Bill Allows Gulf States To Share Offshore Drilling Royalties 
December 13, 2006 

WASHINGTON – On Saturday, Congress passed a bill that opens up about 8 million acres in the Gulf of Mexico to oil and gas drilling, the Washington Post reports. The legislation also gives Louisiana, Texas, Alabama and Mississippi 37.5 percent of federal royalties from future drilling.

U.S. industrial consumer of natural gas say the offshore drilling could boost supplies and moderate prices.
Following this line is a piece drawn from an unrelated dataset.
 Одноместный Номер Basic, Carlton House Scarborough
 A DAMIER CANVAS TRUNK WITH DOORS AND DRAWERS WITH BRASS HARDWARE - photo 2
Opponents of the bill say that states against offshore drilling, such as California, Florida, North Carolina, South Carolina and Virginia, would be tempted to support exploration off their shorelines in return for a new revenue stream.

The additional domestic production of oil and natural gas will benefit consumers throughout the United States by providing additional energy security and improving the delicate balance between supply and demand.

Sen. Mary Landrieu (D-LA), co-author the bill with Sen. Pete Domenici (R-NM), told the newspaper that "this was the best Christmas present I could ever, ever have gotten or that the state of Louisiana could have gotten.” Louisiana stands to receive $650 million a year from the royalties.

Sen. Landrieu says the money from the drilling would go to help Louisiana restore coastal wetlands and take measures to protect such energy infrastructure as ports, pipelines and oil refineries. To ease congressional concerns that Louisiana will treat the royalties as a windfall for general spending, the state amended its constitution to restrict use of the money to those purposes, the newspaper reports.